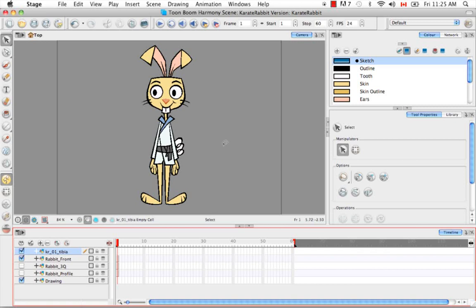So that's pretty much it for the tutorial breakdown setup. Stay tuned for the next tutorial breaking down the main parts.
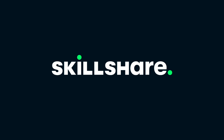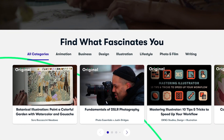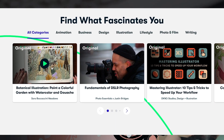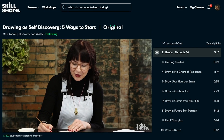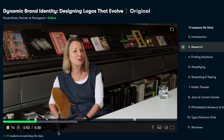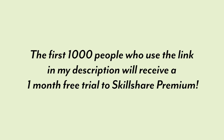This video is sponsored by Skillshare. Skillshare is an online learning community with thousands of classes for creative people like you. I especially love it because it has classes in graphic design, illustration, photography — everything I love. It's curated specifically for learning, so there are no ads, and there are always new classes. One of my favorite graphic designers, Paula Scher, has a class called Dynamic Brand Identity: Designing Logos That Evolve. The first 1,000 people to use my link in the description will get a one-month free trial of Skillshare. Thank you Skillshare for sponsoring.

+ + + + + + +

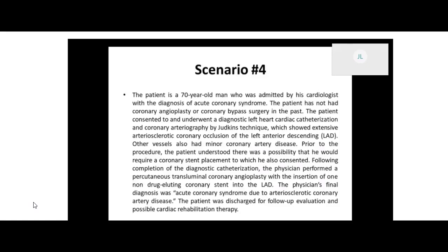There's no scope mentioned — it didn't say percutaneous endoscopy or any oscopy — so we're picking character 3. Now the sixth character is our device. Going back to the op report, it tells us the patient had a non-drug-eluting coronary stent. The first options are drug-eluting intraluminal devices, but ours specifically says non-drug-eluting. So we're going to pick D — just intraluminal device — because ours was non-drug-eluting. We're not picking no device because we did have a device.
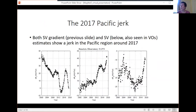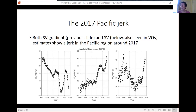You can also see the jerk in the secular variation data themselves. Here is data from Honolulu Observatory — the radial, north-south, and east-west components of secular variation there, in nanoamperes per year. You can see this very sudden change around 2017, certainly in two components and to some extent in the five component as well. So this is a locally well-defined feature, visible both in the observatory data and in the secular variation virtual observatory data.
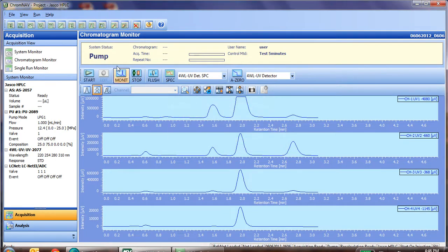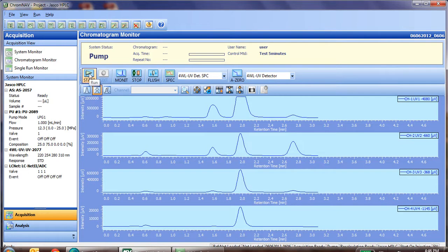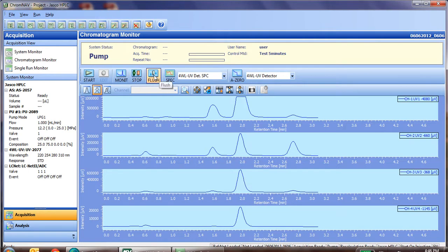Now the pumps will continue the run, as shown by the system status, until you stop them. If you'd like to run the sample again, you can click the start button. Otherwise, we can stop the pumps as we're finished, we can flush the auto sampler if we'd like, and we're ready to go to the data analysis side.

+ + + + + + +

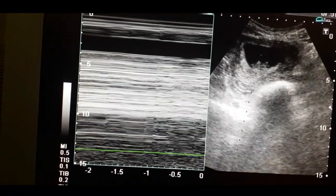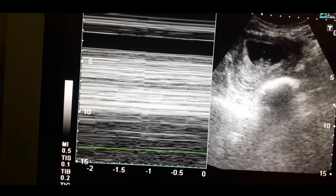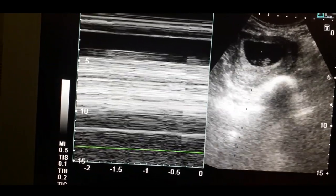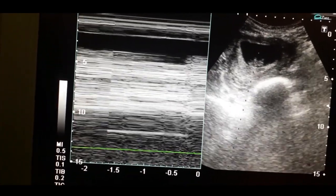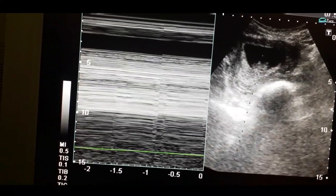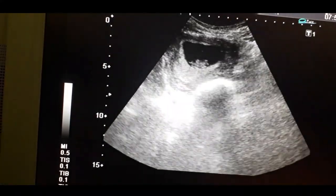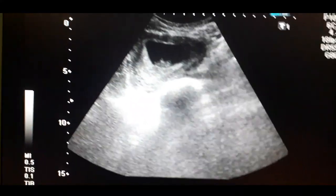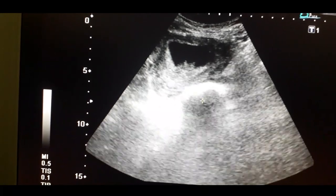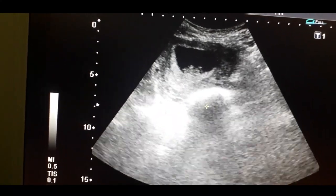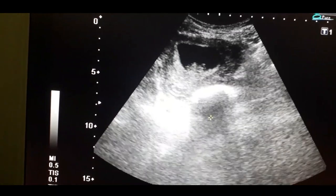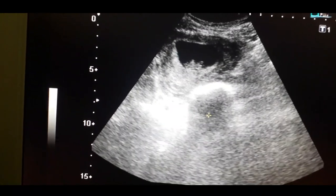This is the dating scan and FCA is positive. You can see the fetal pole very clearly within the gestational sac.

+ + + + + + +

**Work order:** Copy only this from above: the line containing "So that's pretty", the line containing "This video is", and all lines between, printed exactly. Leave out the pictures.

**Response area:**
So that's pretty much it for the tutorial breakdown setup. Stay tuned for the next tutorial breaking down the main parts.
This video is sponsored by Skillshare. Skillshare is an online learning community with thousands of classes for creative people like you. I especially love it because it has classes in graphic design, illustration, photography — everything I love. It's curated specifically for learning, so there are no ads, and there are always new classes. One of my favorite graphic designers, Paula Scher, has a class called Dynamic Brand Identity: Designing Logos That Evolve. The first 1,000 people to use my link in the description will get a one-month free trial of Skillshare. Thank you Skillshare for sponsoring.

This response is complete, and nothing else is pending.